2

Let $A= a(i,j)$ and $B= b(i,j)$ be ($n\times n$) matrices that are positive definite such that $a(i,j) < b(i,j)$. Let $C= c(i,j)= b(i,j) - a(i,j)$, then $C$ is also positive definite. Why or why not?

3 Answers3

2

Dated, but was interested in this, so thought I'd provide another way of looking at it w/ Gershgorin's theorem: each eigenvalue of any square matrix $A$ lies within one of its Gershgorin disks $(A_{ii}, R_i)$, where $R_i = \sum_{j \neq i} |A_{ij}|$.

Thus if $C = B - A$, each disc is centered at $C_{ii} = B_{ii} - A_{ii} > 0$. The eigenvalues of $C$ lie in the disks $(b_{ii} - a_{ii},\, \sum_{j\neq i} |a_{ij} - b_{ij}|)$.

In the case in which $A$ and $B$ are positive semidefinite and $C_{ij} = B_{ij} - A_{ij} \geq 0$, a sufficient condition for $C$ to be positive definite then is that $C_{ii} \geq \sum_{j\neq i} (B_{ij} - A_{ij})$.

Adam
  • 329
2

Hint: Let $A$ be the $2\times2$ identity matrix, and let $B = A + \pmatrix{ 1 & 1 \\ 1 & 1 }$.

fuglede
  • 6,716
  • 2
    Or maybe better, $A + \pmatrix{ 1/2 & 1 \cr 1 & 1/2 \cr}$. – Robert Israel Jun 24 '13 at 18:26
  • 1
    From this example it looks like the answer is "no." Here $A = \pmatrix{1 & 0 \ 0 & 1}$ and $B = \pmatrix{2 & 1 \ 1 & 2}$, both of which are positive definite. The difference $C = B - A = \pmatrix{1 & 1 \ 1 & 1}$ is not invertible and therefore is not positive definite. At least that's the way it looks to me. Any errors in this? Thanks, by the way. – thehandoftheking Jun 24 '13 at 18:46
  • Nope, you got it. – fuglede Jun 24 '13 at 18:48
  • @thehandoftheking Note that, in Robert Israel's example, $B-A$ is indefinite. Consequently, $A-B$ is also indefinite.
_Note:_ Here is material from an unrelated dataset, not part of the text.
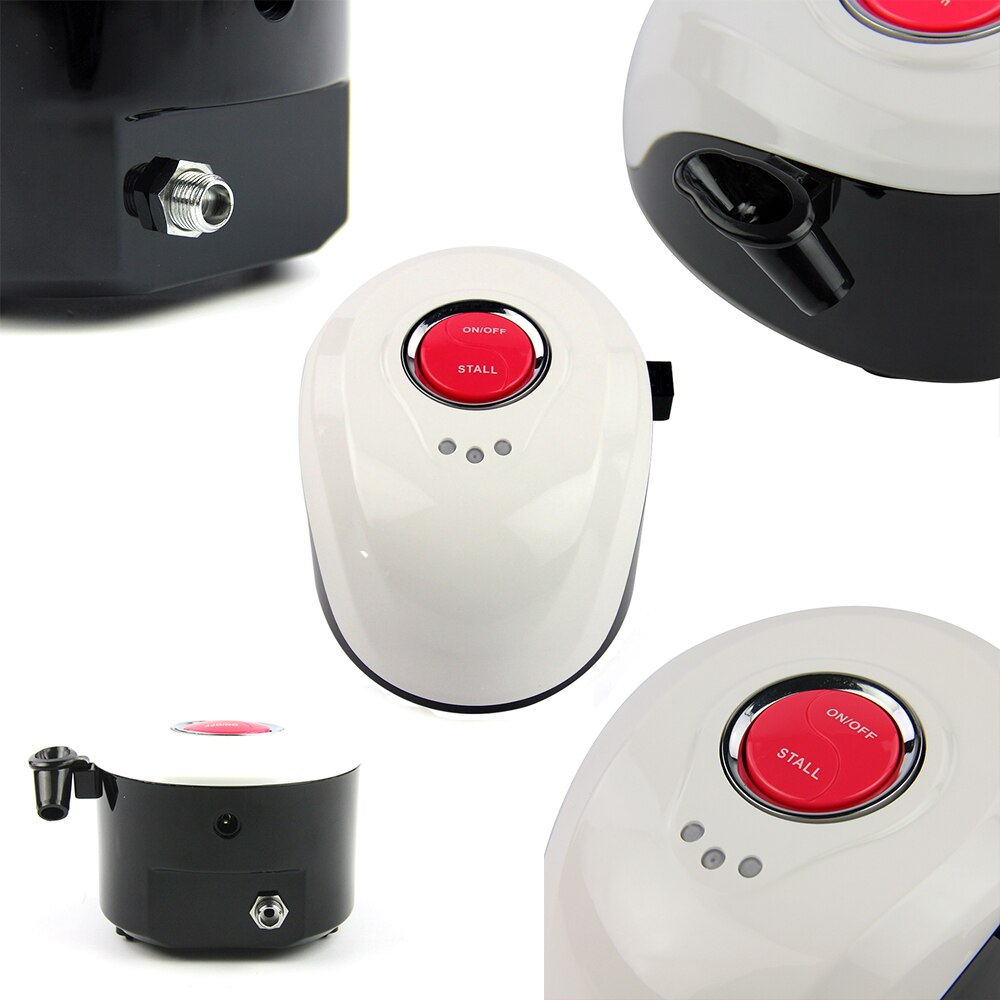 Blanco aerógrafo kit de maquillaje Mini compresor de Control doble pluma de aerógrafo Akvagrim cara pintura aerógrafo de cosmética para el de Arte de uñas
So, your claim that "$a(i,j)−b(i,j)$ is negative definite" is wrong. – user1551 Jun 24 '13 at 19:39
  • @user1551 I removed that claim. – thehandoftheking Jun 26 '13 at 02:09
1

In general the answer is no. As fuglede has done, we can give an explicit counter-example.

But it is also interesting to know how to tackle these problem.

The assumption is that $a(i,j)<b(i,j)$ for all $i,j$. Hence may have $b(i,j)=\varepsilon+a(i,j)$ for some coordinates $i,j$, and $b(i,j)=1+a(i,j)$ for others.

We have to take the $c(i,j)$ large at corners of the matrix and small at the diagonal, because positive definiteness of a matrix can be thought as a "dominance of the diagonal terms with respect to the non-diagonal ones".

Davide Giraudo
  • 172,925